Слово | Май 2003 |
|
Курган | Троя |
Когда-то было время, когда я жила в чудесном мире живых мыслителей, слушала их бормотание по ночам, мирилась с их странностями, наполняла ими себя, вживаясь в их прихоти, подслушивая их, и подглядывая за ними. Будучи погружена в космос, наполненный их мечтами, незнакомыми мне словами, неожиданными поворотами, однажды ночью, я куда-то шла. В большом стекле магазинной витрины я увидела нечто, что меня потрясло. Я схватила своего мужа за рукав и ткнула пальцем в заляпанное краской и пылью стекло: смотри, как так может быть! у меня такая маленькая голова... как же там умещается всё! Мои спутники в тот раз не стали развивать эту тему. Жаль, с нами не было Людвига.
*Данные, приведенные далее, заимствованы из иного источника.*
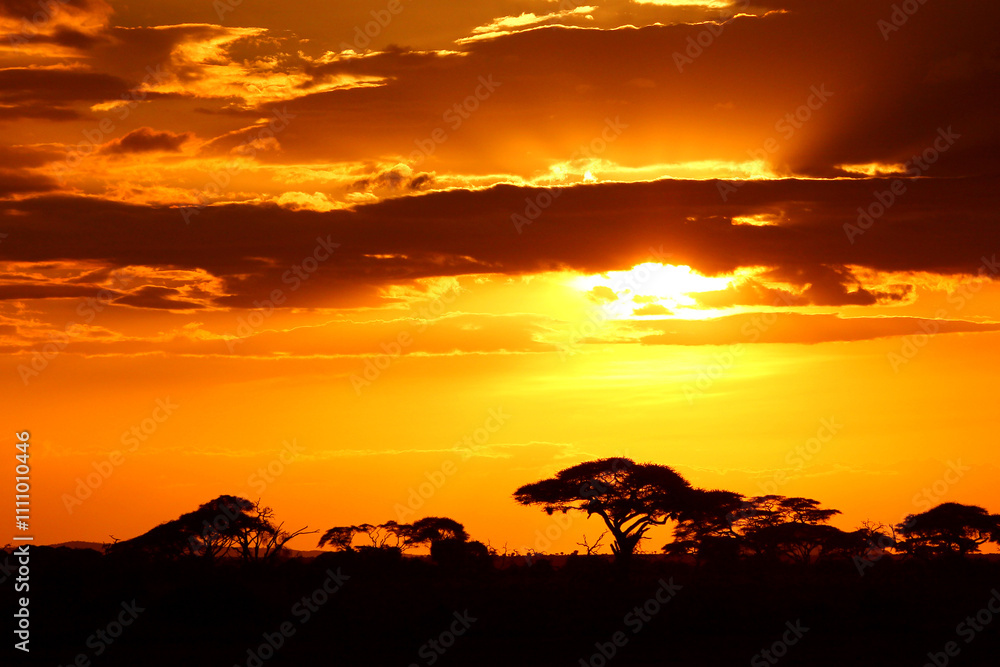 Sonnenuntergang bei Safari in Kenia Ostafrika Sonnenuntergang bei Safari in Kenia Ostafrika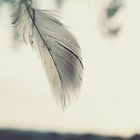 Feather in the wind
Катится человеческая голова по улицам, станциям метро, подземным переходам не чувствуя светофоров, дней недели, годов и городов. Катится голова, в поисках собственной оси, натыкаясь на ось земную. Всего лишь человек.
Мальчика назвали Людвигом. Wittgenstein Людвиг (1889-1951), австрийский философ и логик. Выдвинул программу построения искусственного «идеального» языка, прообраз которого – язык математической логики. Философию понимал как «критику языка». Разработал доктрину логического атомизма, представляющую собой проекцию структуры знания на структуру мира.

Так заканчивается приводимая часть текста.